Football is brilliant.
If you wanted a game over the opening weekend that defined ‘smash and grab’ then look no further than the Boleyn Ground, where City’s 1-0 win over West Ham (and our first win at BG since 1950) probably surprised most who have decided it’s their divine right to walk the league. Looking through Twitter beforehand it was 4-0 this, Cole hat-trick that etc.
The lineups before the game said it all about the gulf in class between the two squads. A West Ham side full of Premier League experience, a proven manager and even the odd England international or two flirting about before making inevitable moves back to the top flight. The Allardycian brand of football had been well and truly stamped with playing Frederic Piquionne on his own in a 4-5-1 formation; but then again in a midfield with the likes of Kevin Nolan and Scott Parker, who can blame him?

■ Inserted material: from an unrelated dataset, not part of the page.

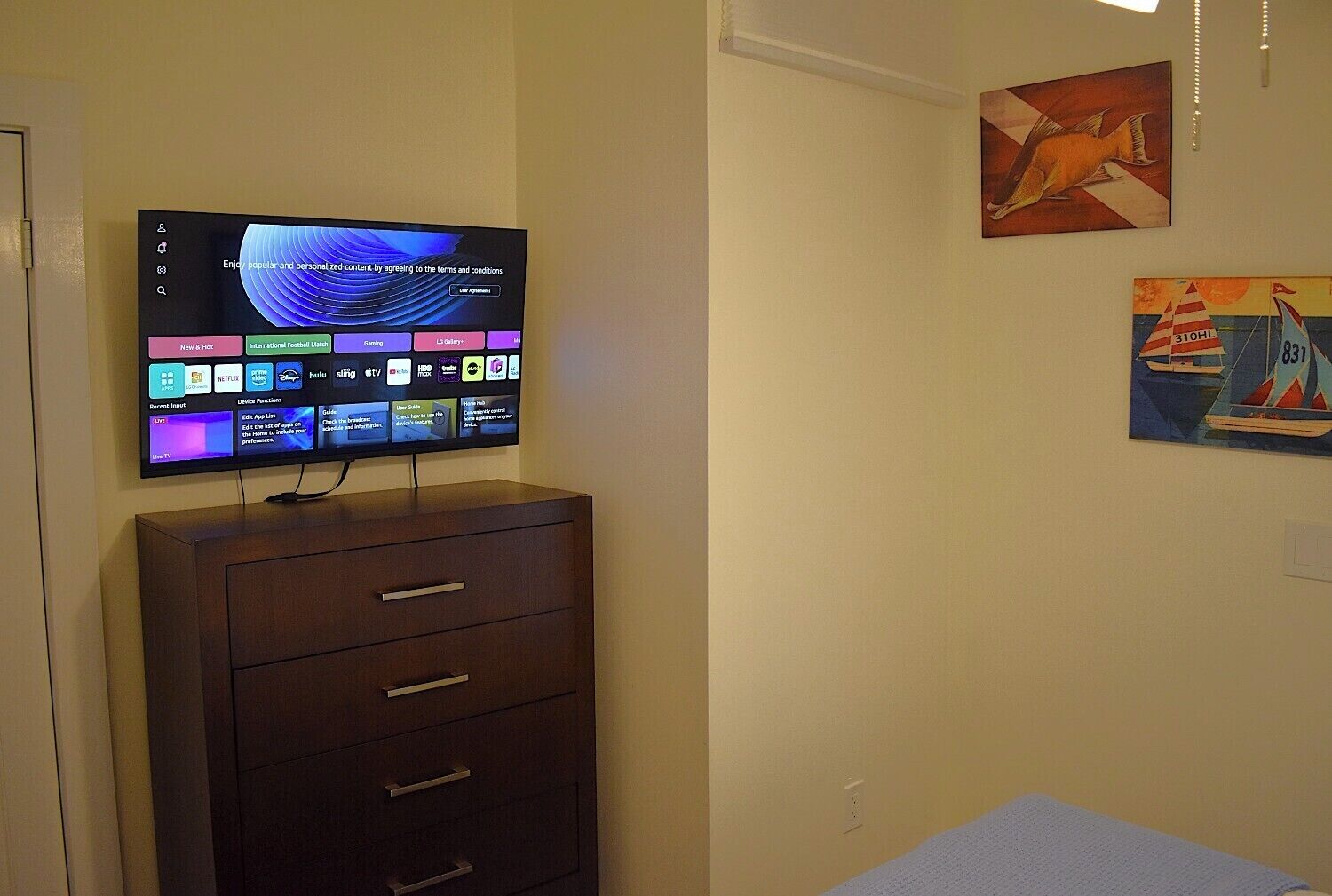 A flat-screen TV mounted on a wooden cabinet with a wall art piece above it.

Malky Mackay’s new look City side had no less than 8 new players and it was always going to be interesting to see how the battle in midfield would play out in what was your Championship standard 4-4-2. With Peter Whittingham and Aron Gunnarsson occupying the middle I was assuring myself that the latter was going to have a hell of a job on his hands in keeping both Nolan and Parker quiet for 90 minutes. Seeing a team huddle before kickoff I couldn’t help but feel that maybe for once that there’s a team spirit and Mackay has got everyone working for each other. There’s no ‘us against the world’ mentality that’s been used to describe us by Dave ‘excuses’ Jones.
As expected a rocky first 20 minutes ensued with both Piquionne and Parker both given clear runs at goal only for blushes to be spared with a save from David Marshall and Anthony Gerrard getting a crucial block to stop an off the pace looking Parker. Whilst Nolan and Taylor posed a constant threat they still lacked any clinical edge and slowly City grew in confidence and making sure that any time on the ball was used effectively, Don Cowie’s header from Craig Conways cross and Whittingham’s free kick both giving Robert Green his first test of what was to come this season. Kenny Miller and Rob Earnshaw had little to work with up front and you couldn’t really fault them for a lack of trying.

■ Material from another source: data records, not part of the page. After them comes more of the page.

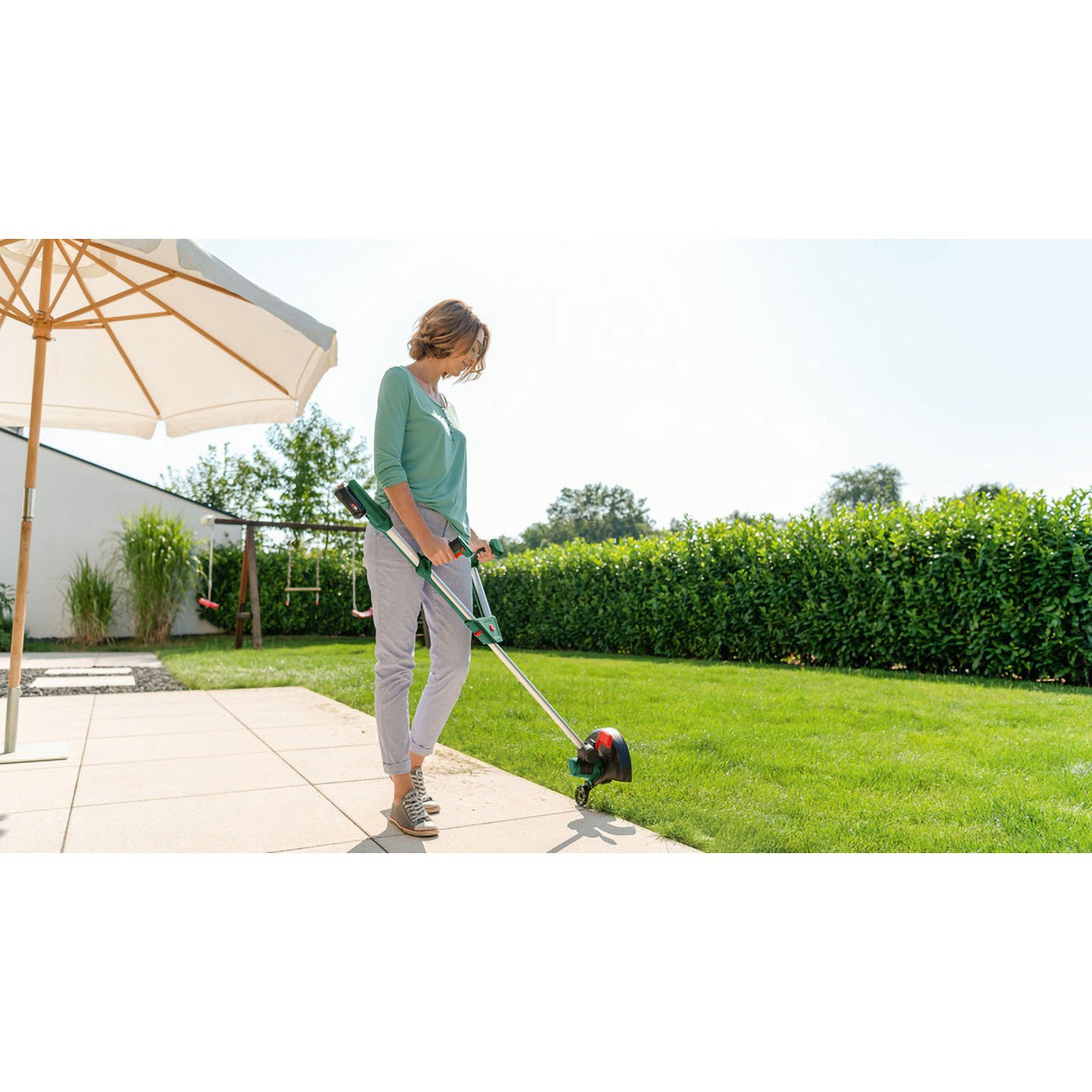 Frau trimmt Rasen im Garten mit einem Rasentrimmer neben Terrassenplatten.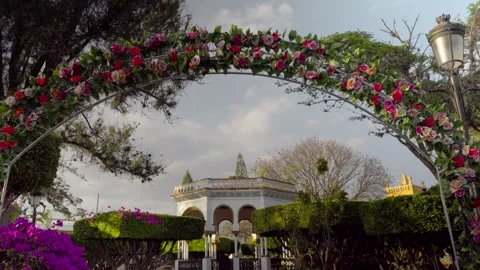 Dove flying Rose arch in Comitán's central park, Mexico, frames the kiosk and Stock Footage 308218045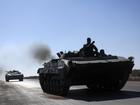 Advancing insurgents appeared to catch the Syrian military by surprise in Aleppo and other areas. (AP PHOTO)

Halftime arrived and relatively happy with what I saw against a decent looking West Ham outfit, it was only right to go and see what was on the messageboards. Unsurprisingly a character assassination of Miller had begun stating that he was sluggish and not at all interested in what was going on. To be fair that was about half an hour into the game, a new record for our already fickle supporters that last year would have probably gunned for him at around the ten minute mark for not being comfortably 3-0 up and embracing Total Football.
With West Ham starting brightly in the second half David Marshall was putting in a Man of the Match-esque performance, slowly beginning to frustrate the home crowd and making some excellent saves to the deny the likes of Taylor and Tomkins. His communication skills have come on leaps and bounds with most set pieces being dealt with comfortably (bar Whittingham’s crucial goal line clearance) and he should go on to inspire more confidence across the back four. Kevin McNaughton and new signing Andrew Taylor both looking comfortable as fullbacks and Hudson and Gerrard soaking up heavy pressure brilliantly.
Mackay’s tactical genius arrived with just over 20 minutes remaining, replacing an enthusiastic but ineffective Earnshaw for relative unknown striker Rudy Gestede. The difference in dynamic up front was instant and both Tomkins and Reid (who for the most part impressed me) had no idea how to deal with the 6ft 3 inch Frenchman’s aerial threat, strength and pace. His tenacity paid off in injury time, taking the ball from Herita Ilunga with relative ease, squaring the ball to an unmarked Miller who put it away in the top left corner and set 1200 odd Bluebirds into overdrive. Three points, job done etc. I still believe that Gestede’s intention was to square it to Whittingham who was approaching the box, but it’s still clever play from Miller to stretch out and get a shot in. Clinical.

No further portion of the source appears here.